I think I had what most small boys have – and probably girls as well – which is just an interest in nature. In fact I've noticed in my own children that they always begin with this interest in nature, of seeds, of having animals swim around and looking down things at magnifying glasses. And then I think it is the formal teaching that destroys this. So if you just take as much of the formal teaching as is necessary to pass examinations, you needn't have this exploratory urge and I think that's one of the things that… that I think is… is science... and of course the fact that there is a way of actually asking and answering questions about nature.
[Q] What sort of questions? I still don't understand what it was about the Wells book that really turned you on?

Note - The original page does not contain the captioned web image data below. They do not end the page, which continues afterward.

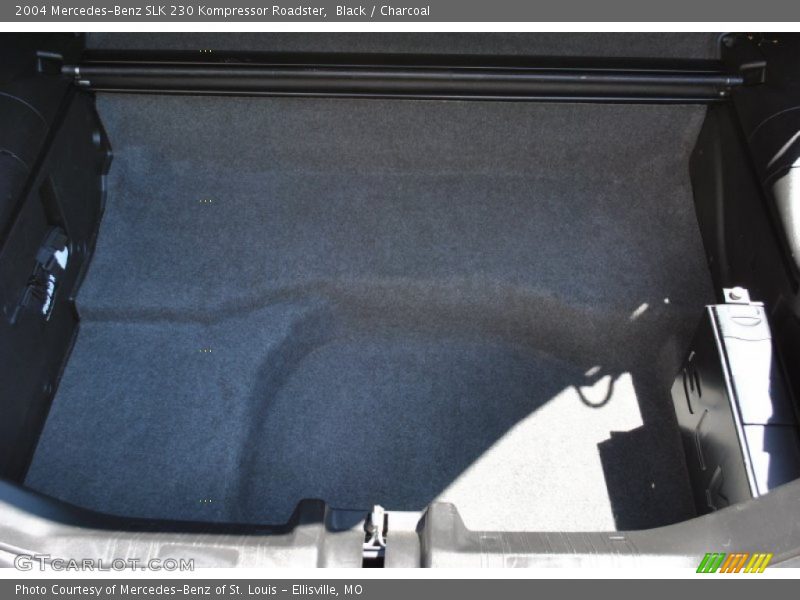 Black / Charcoal 2004 Mercedes-Benz SLK 230 Kompressor Roadster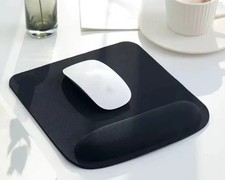 Mouse Pad with Wrist Rest Black Gel Support Anti-Slip Mat for Laptop PC NEW UK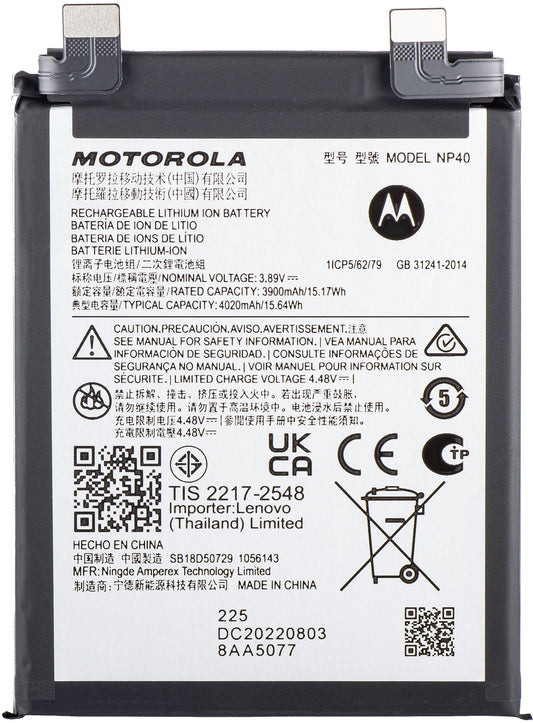 Baterija Motorola Edge 30 Neo, NP40, servisni paket SB18D50729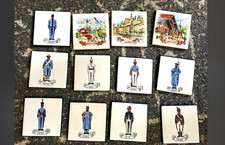 V&B Hand Painted Glazed Ceramic Tile Set Annelore Luest Made in Germany picture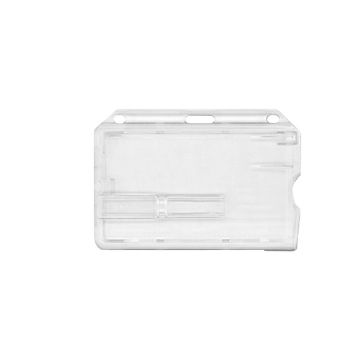 Porte-cartes horizontal avec un curseur transparent - 10 pièces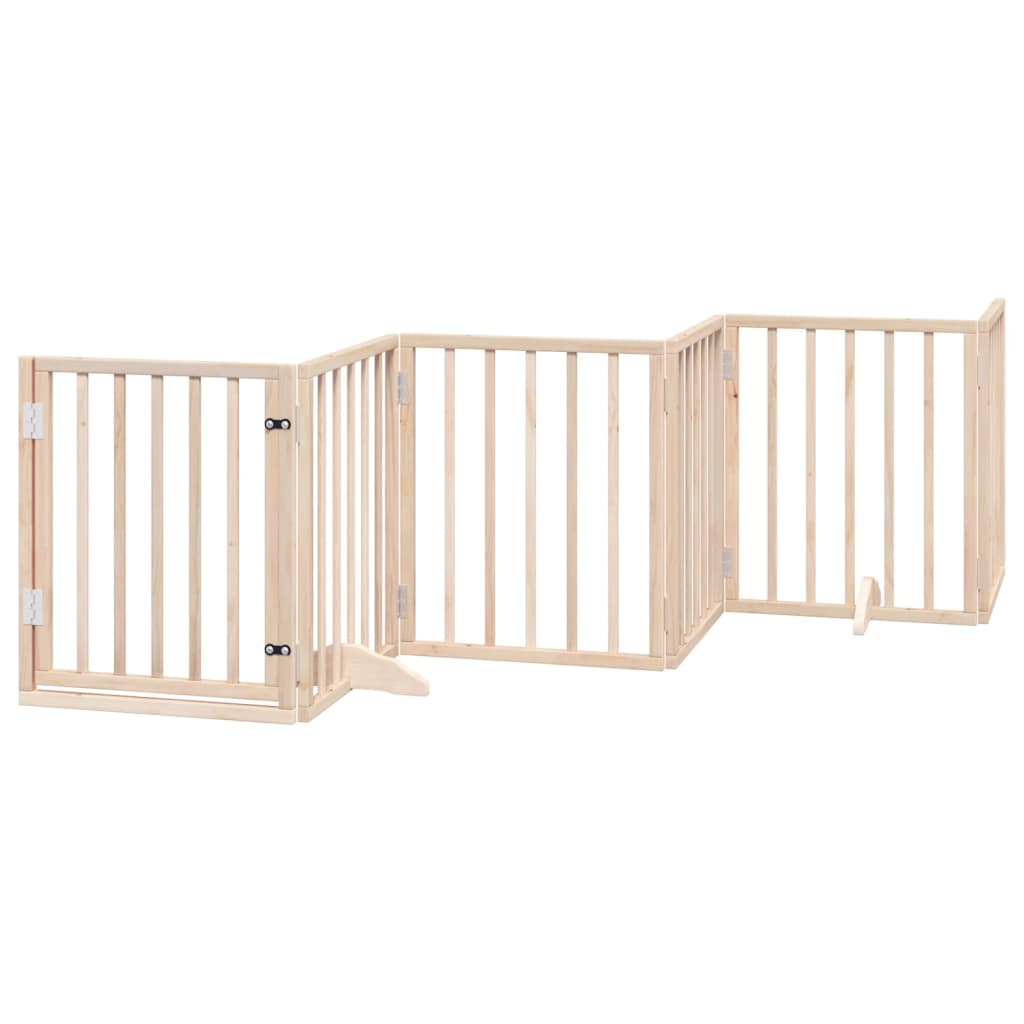 Hundegitter Faltbar 3 Paneele 150 cm Pappelholz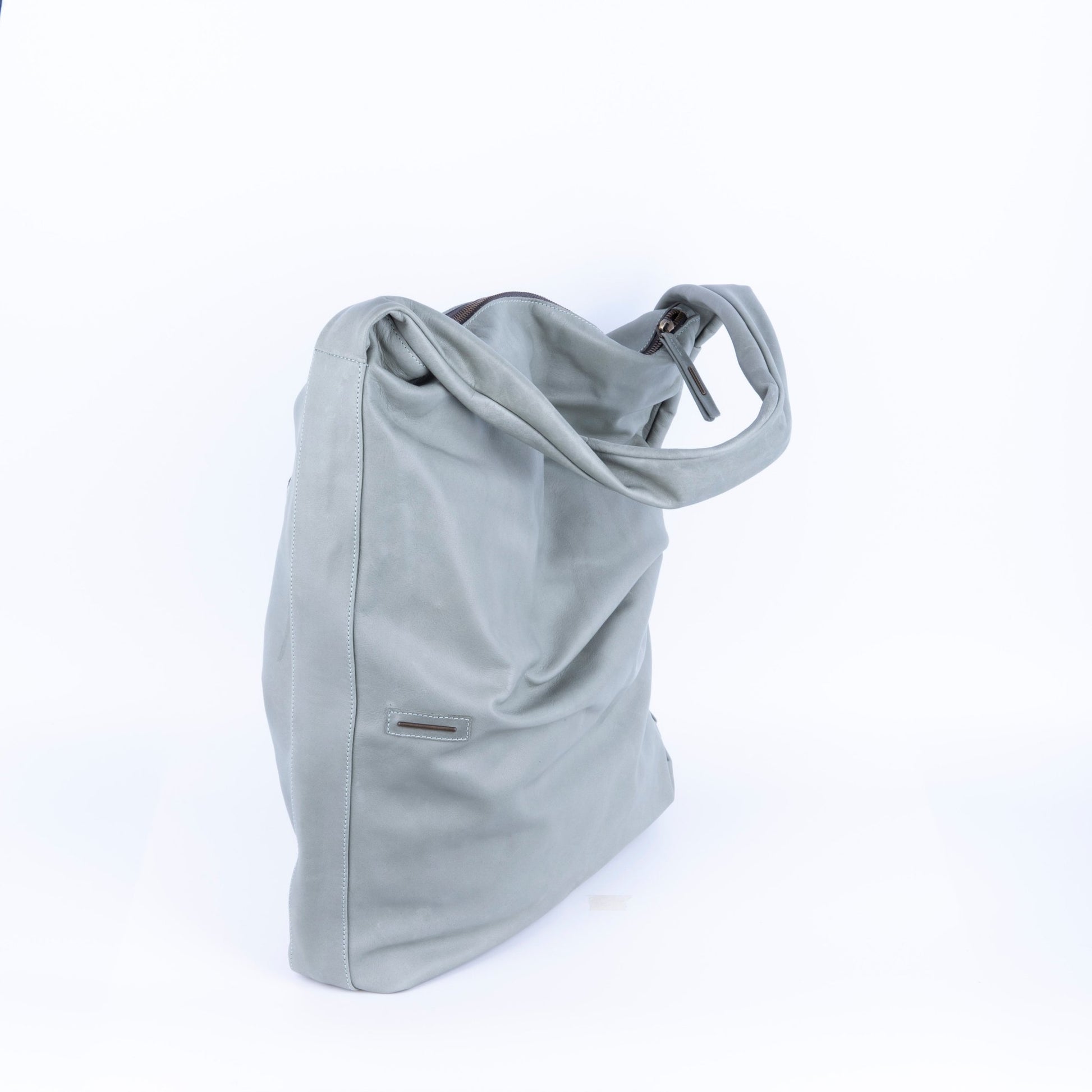 Zosia mousse edera - zaino in pelle verde trasformabile in borsa a spalla o a tracolla - Marta Ray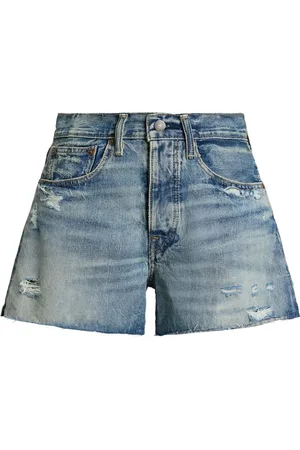 Ralph Lauren Jeans-Shorts im Distressed-Look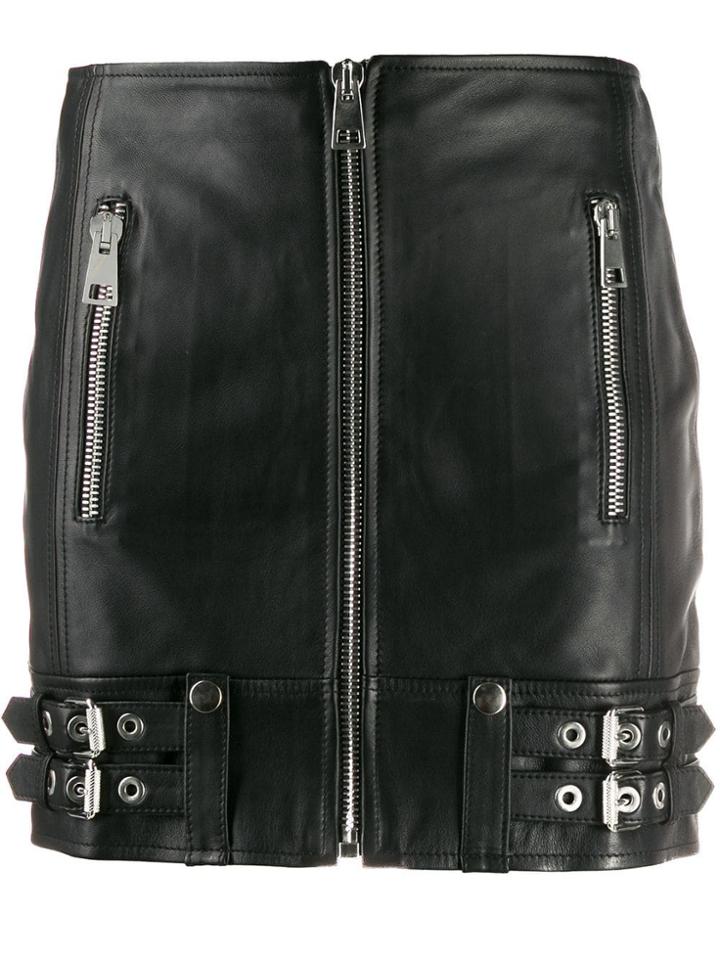 Manokhi Zipped Mini Skirt - Black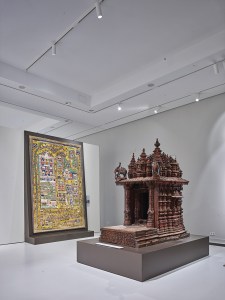 Installation view of the ‘Jain Art in India’ display at the Humboldt Forum, Berlin, in 2021.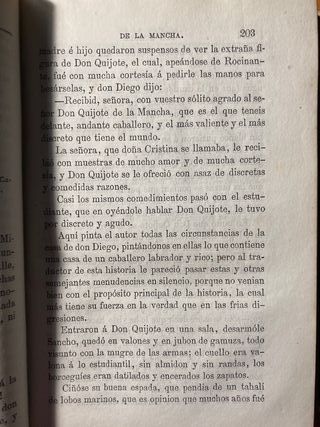 Antigua edición de Don Quijote de la Mancha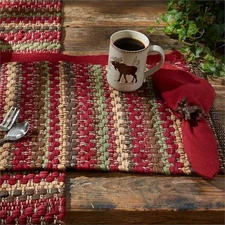 Park Designs High Rock Chindi Placemats  ~~ Set of 4 ~~ NEW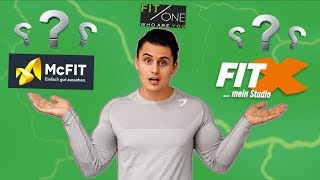 WELCHES IST DAS BESTE FITNESSSTUDIO ???  Ich habe ALLE getestet! FitOne I FitX I McFit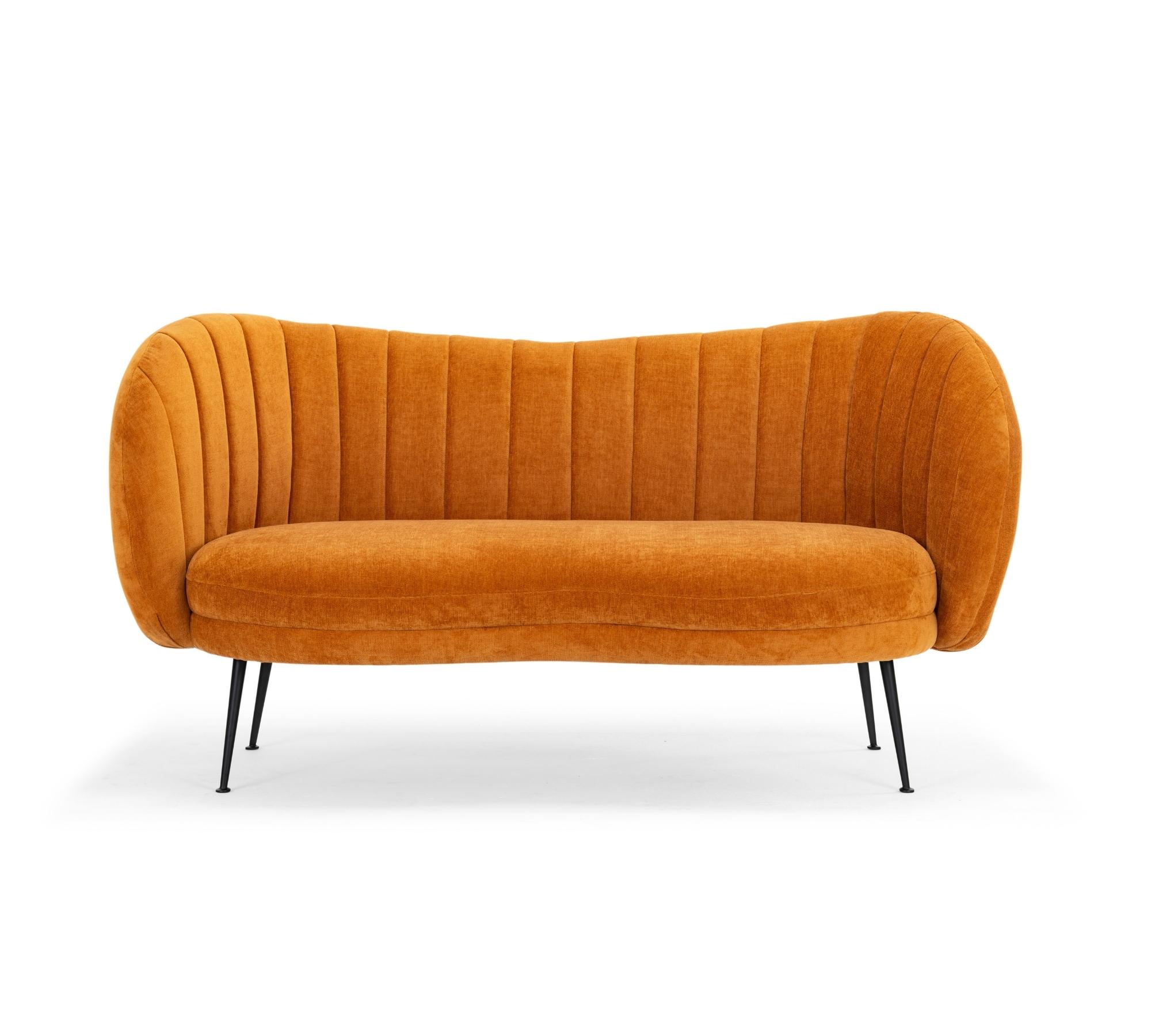 Flora Sofa 2-Sitzer Danny Amber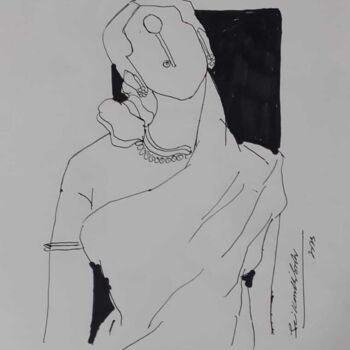 Tekening getiteld "Beauty" door Srikanth Babu Adepu, Origineel Kunstwerk, Marker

Well, the Wells book covers everything that was known about biology and so there was the whole thing about physiology, about how things worked, and how things worked seemed to me to be very important. I mean you know, I'm not trying… I'm trying not to add hindsight to all of this but just the fascination of knowledge in itself – that people had actually discovered, you know, that there were pigments involved in photosynthesis and this whole ability to, you know, draw the veil apart from nature. So I thought that that was something… that is what drove me. Now…
[Q] Physics less… sorry. Just say, physics less so?
Physics less so. It was this strange… it was biology which I... I thought was, you know, very important and it was just that attraction. I haven't been a good mathematician, I don't think I've been clever enough to be a mathematician. I found that physics, as it was taught to us, had got away from nature – it was all about pendulums and things like that – whereas biology was still there, and so that was the… that was the interest.